In the entries that follow, find the line containing "3月途锐销量怎么样? 众车网权威发布(2021年)" and the line containing "Сборы СПСР и DPD: динамика за четыре недели", then retype exactly the lines from the first through the second, pictures excluded.

DATASET EXCERPTS ▸
..........
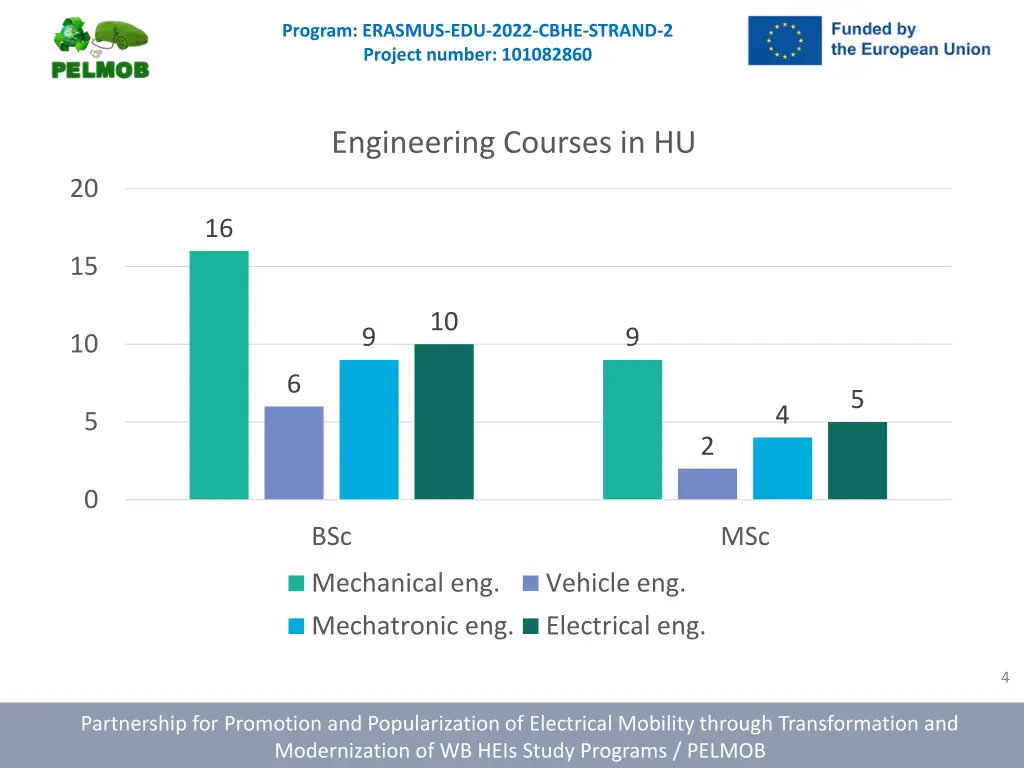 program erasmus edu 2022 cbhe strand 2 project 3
..........
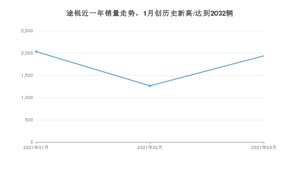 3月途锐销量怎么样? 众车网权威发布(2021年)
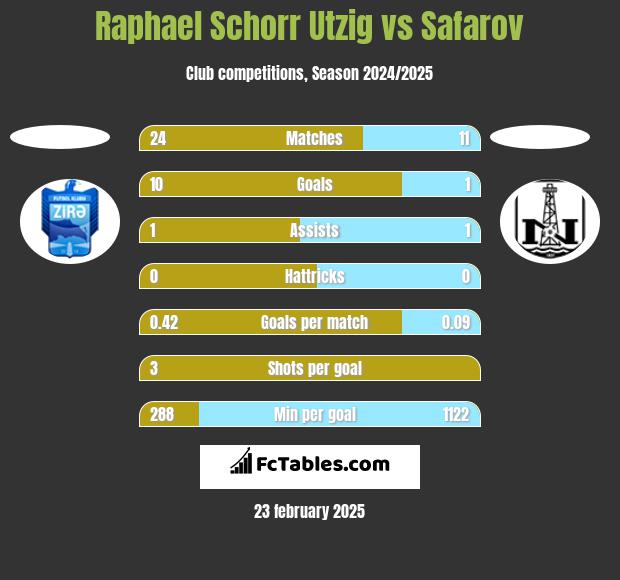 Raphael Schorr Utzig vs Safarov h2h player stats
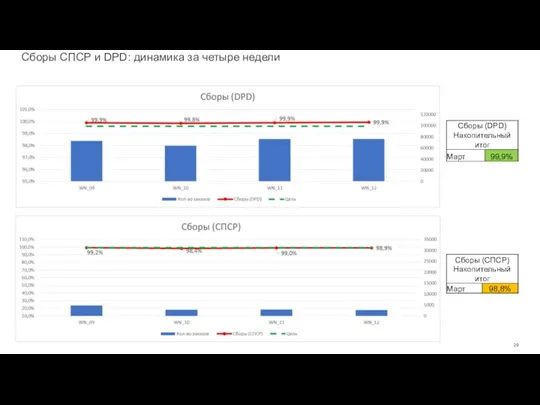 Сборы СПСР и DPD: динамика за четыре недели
..........
FINAL ANSWER ▸
 3月途锐销量怎么样? 众车网权威发布(2021年)
 Raphael Schorr Utzig vs Safarov h2h player stats
 Сборы СПСР и DPD: динамика за четыре недели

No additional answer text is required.